From hereon you will likely be spared further blog posts on my fishing. All I can say is, if my new location didnt offer a stream like this, the value of the property in my estimation would go down about $20,000!
Recently these fish made a great meal! But I can't identify them at http://www.dgif.virginia.gov/wildlife/fish/
Many possibilities are eliminated by habitat [these would not be found in brackish or saltwater]. White Bass and White Perch are eliminated by the dorsal fin of those fish not matching the small single simple one of my fish.
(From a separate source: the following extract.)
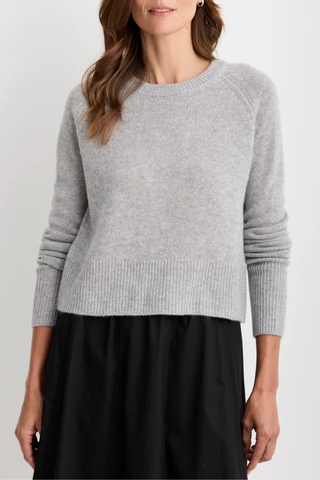 Blakely Cashmere Crewneck | Heather Grey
the beer can is for scale, although it made the fish look somewhat smaller somehow. BTW I hate trash where I hunt and fish and am a net remover of trash, especially aluminum cans.
Ruger Luger and MoreJuly 11th, 2013 at 8:41:57 am
Coyotes howling at night has a way of motivating a guy to proceed with his gun purchases. I like to keep it local with most things I buy, especially guns, at a place that has a gunsmith. So I headed not too far away for a shop that's been around. Not surprisingly, there is also a shortage of .22 guns these days. Wouldn't you know it! I am the type of guy to wait out shortages instead of adding to the problem, but my sense of urgency didn't come from thinking Obama was a-coming-for-my-babies. Oh well, I'm sure you couldn't possibly pay more than you have to now. Being careful to buy local means paying more too, usually, although I did get the shop to come down on the price, a package deal on two weapons plus some extras. I suspect I paid $100 or so more than someone who would shop it hard and time it right. This guy offers service, though, did come down on the price, and I wanted it now, so I'm not complaining.
It was unclear when I might be able to get a Marlin 60 or 10/22 Ruger [see Face's Firearm thread], there is just a huge demand now. The dealer did have what is basically a bolt-action version of the Marlin 60, and had what I and some others like to call the Ruger Luger. Magically, some ammo appeared too! Honestly, I've always been able to dig bolt action, so that was no sacrifice. And holy cow I have lusted after that Ruger Luger since time immemorial, there was no way I was passing up this used one in good condition [wikipedia says the particular model was last made in 2005]
So I bought a Marlin XT-22TR
and a Ruger MK II, which has an interesting history
[per wikipedia] Sturm, Ruger & Company was founded by William B. Ruger and Alexander McCormick Sturm in 1949 in a small rented machine shop in Southport, Connecticut ... When it came to designing their first auto pistol, Ruger decided to incorporate the looks of the German 9mm Luger and the American Colt Woodsman into their first commercially produced .22 caliber pistol ... which became so successful that it launched the entire company.
Hunting Blog IIJune 26th, 2013 at 8:17:56 am
Exploring some areas near my house and saw a coyote today. It let me walk right up on him, so that worried me a bit ... was this critter healthy? I slowly backed up to hunt for something to use as a club, at least; it did see this movement and took off in "yikes!" fashion. Sometimes even the most wary just don't see you; a 'yote probably depends on scent a lot, and this one didnt pick up mine.
I guess rabies shots aren't as bad as they used to be. Nonetheless, I just don't like being unarmed in the woods. I'm not going to be toting around a big shotgun all the time, though, nor a muzzleloading rifle ... wouldnt want someone to think I was hunting out of season, never mind the weight of it all.
Gee, a .22 pistol or rifle would be just perfect, eh? Not an option at the moment.
What's wrong with this picture?
PS: BTW the attitude of Virginia's game and fish [DGIF] is, please shoot them on sight.